More than a few REITs and public hotel companies will continue to go private because investors are chasing returns and hotels have good returns, said Thomas E. Callahan, chief executive officer - West for PKF Consulting Corp. "If they're looking for a place where they can buy large groupings of hotels, the REITs are the first place they'll look,"
Hotel properties typically offer higher yields when compared to other real estate asset types. While good quality office properties are trading at a 5% capitalization rate, comparable hotel properties are trading for cap rates at 6% or 7%, providing a better return, Callahan said. "The threat of new supply is pretty limited, there's a significant uptick in travel, demand is growing favorably and it's extremely expensive to build a hotel right now. Hotels are a favorable place to make an investment over the next three to five years," he added.
Dana Ciraldo, an executive vice president with Atlanta-based hospitality brokerage Hodges Ward Elliott, agrees that the hotel sector has got a three- to five-year window of above-inflationary revenue increases. But, he adds, this expansion may be better than past cycles, because of the favorable supply/demand scenario. Supply is growing at about 1% a year, compared to demand, which is growing close to 4%, he said.
The disparity between supply and demand has been fueled largely by the double-digit growth in construction costs over the last two and a half years and the highest and best-use challenge created by the run-up in values on the residential side, he said. Ciraldo's firm handled close to $6 billion in hotel trades in 2006, a record year for the company.
Of course, there is a bit of risk associated with the hotel sector, too. For one, it is so closely tied to the economy and the GDP. In fact, room demand is almost at a 1:1 ratio with the GDP, Butler said. "It is riskier than other types of real estate because the values depend significantly on an operating business. In other words, you don't have 10- to 20- year leases -- you sell your rooms by the night."
The hotel industry is poised to enjoy a record year in profits with $29.7 billion projected in income before taxes, according to PricewaterhouseCoopers LLC. That would make it the highest amount in at least 25 years.

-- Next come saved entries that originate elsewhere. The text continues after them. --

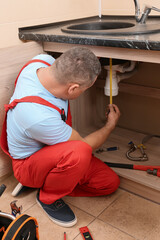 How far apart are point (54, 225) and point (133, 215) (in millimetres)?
400

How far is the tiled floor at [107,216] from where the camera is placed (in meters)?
1.31

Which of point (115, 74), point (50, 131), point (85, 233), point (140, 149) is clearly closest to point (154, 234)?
point (85, 233)

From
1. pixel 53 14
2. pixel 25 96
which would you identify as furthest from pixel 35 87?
pixel 53 14

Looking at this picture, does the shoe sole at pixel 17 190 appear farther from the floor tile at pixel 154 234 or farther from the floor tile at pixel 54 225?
the floor tile at pixel 154 234

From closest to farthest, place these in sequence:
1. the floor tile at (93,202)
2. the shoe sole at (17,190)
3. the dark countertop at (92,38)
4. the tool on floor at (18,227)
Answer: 1. the tool on floor at (18,227)
2. the dark countertop at (92,38)
3. the floor tile at (93,202)
4. the shoe sole at (17,190)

Operating fundamentals are also expected to remain strong through the year. PWC LLC is forecasting an overall occupancy level of 63.3%, a 5.8% increase in the average daily room rate and a 5.8% increase in revenue per available room (RevPAR).
And investment sales for 2007 are expected to remain strong for the industry, fueled no doubt by big portfolio and M&A deals. In fact, Butler expects the M&A activity, not just to continue, but to accelerate.
"Given the amount of capital available, literally all of the hotel brands could be purchased today. The entire hotel industry could be purchased today," Butler said. "The capital is available, it's an industry that's attractive. Something that was unthinkable a few years ago is now a reality."